不安視していた若葉の母親がお金をたかりに来た時点で、「これまでつらい人生を送ってきた3人が、1人1,000万円で人生やり直して幸せになるのは無理ではないか」と思われた。それはサチも同様で、母・邦子が車イスになっても何もしてくれなかった父(尾美としのりさん! 『あまちゃん』ではあんなに家族大好きパパなのに)が、金のにおいを嗅ぎつけてきて、またもや視聴者の心を不安に陥れた。そして、高い買い物をしても空しさが募るだけの翔子。孤独を解消することはできないままだった。

友と出会って”諦めの人生”から抜け出す

「自分に奇跡みたいなことなんて起こるわけがない」。

そんな風に人生を諦めてきた3人を見ていると、「友達の家にはサンタクロースが来るけど、自分の家には来ないんだ」と思っていた自分と重なる。

宝くじが当たった後、3人の気持ちは少しずつ変化していく。例えばサチ。これまで無縁だと思っていたカフェに入ることができた。連絡が途絶えた翔子を心配して、彼女の住む街まで深夜に自転車を漕いだ。ヤングケアラーになって以来、憐れに思われたくないために親友と絶縁したサチを考えると、あり得ない行動だ。来てくれたサチを見て、「自分は1人じゃない」と喜びと安堵を覚える翔子。1,000万円を守るために、コツコツ貯めた92万円が入った通帳を母親に手渡した若葉も、これまでとは違う。自分には守りたいもの、実現したいことができたのだ。そのためなら92万円は惜しくない。東京まで出てきたのも、新たな一歩のためだから。

主人公たちを見守る”みね”という人

サチの「カフェを開きたい」という夢に、翔子と若葉は乗っかった。3人は、そこにみねを引き入れる。ああ、みねくん……。「女の人たちが楽しそうにしているのを見ているのが幸せ」と、穏やかに控えめに語ったみねくん。子どもの頃から「女と男、どっちなんだよ」とからかわれ、社会人になっても周囲に馴染めないみねくん。バスツアーで、サチら3人が仲良くなっていく様子を幸せそうに見つめていたみねくん。

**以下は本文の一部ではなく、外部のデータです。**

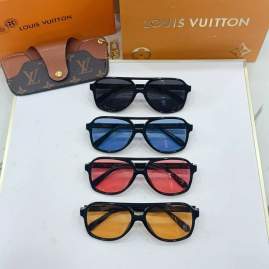 Picture of Louis Vuitton Sunglasses _SKUfw76771343fw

「あいつ、ちょっと変わってるよね」と言われながら生きてきた自分を3人が信頼し、3,000万円の管理を任せるくだりが泣けた。おどおど戸惑いながら、でも内心は爆発しそうなぐらい嬉しくてたまらないみねを演じた岡山天音さん。いつもは「やっぱり天音くんが犯人?」「ここで天音くんが裏切る、みたいな展開?」と思わせる役が多いけれど、今回の天音(呼び捨て)は違う! 天使である。

3人の夢と共に進む、富士子と邦子

サチらは、理想のカフェにセンスの塊なんか求めていない。「そういうの、私たちに合わないから」「もっと敷居の低い、富士子や邦子のような元乙女たちも入りやすいカフェに」と、カフェプロデューサーの賢太に伝える。彼女たちの夢に、みねと賢太、そして富士子と邦子も加わり、カフェのオープンに向けて進んでいく。どうかこのまま上手くいってほしい。

第6話では、昔の暮らしへの執着に踏ん切りをつけ、若葉と一緒に東京に出てきた富士子が、邦子に語るシーンが特に印象的だった。「仕事も見つからないし、東京でどう生きていいか分からない」と珍しくふさぎ込む富士子。「車イスの邦子の力になることで、自分の存在意義を見出そうとしている。自分のために邦子を利用しているのだ」と、邦子に謝るのだ。富士子は、自分に嘘偽りなく生きてきたのだろう。娘があんな風に育ったことをも受け止めながら。仲良くなった邦子に対し、誠実でありたいと思ったのかもしれない。やさしく朗らかな邦子とは、いい意味で凸凹コンビになりそうだ。

つらい日々と日曜日のラジオの意味

印象的なシーンはもう一つ。3人を巡り合わせたラジオが、日曜日に放送されていることが明かされたくだりだ。ドラマ名の伏線回収。なぜラジオを聴きはじめたのか、みんなが語りはじめる。そして、若葉が学校で書いた「日曜の夜に死にたくならない人は幸せな人だ」という詩。「もっと楽しいことを書け」と低評価した先生に対して、猛抗議した富士子。ここに至るまでの主人公たちの生きづらさが、ドドドッと押し寄せてくる。けれど、今は邦子のつくるカレーがあり、富士子が居り、同じ夢を追う友達とそれを見守るみねがいる。夢を手助けしてくれる賢太もいる。

たとえサチの父親や若葉の母親が登場しても、きっと今の彼女たちなら対処できる。いや、ここはいっそのこと、鼓田ミナレのラジオ番組(最終回早すぎる……泣)で公開説教でもしてもらえば、一気に解決する気がしないでもないが。

登場人物たちに、完全に感情移入。だから皆が幸せに笑う姿を見届けたい。Mrs. GREEN APPLEの歌う主題歌「ケセラセラ」も好き。劇伴も好き。映画のような映像も好き。少しずつ変化していく彼女らを表現しているエンディングも好き。

どうか、全員が幸せになれますように。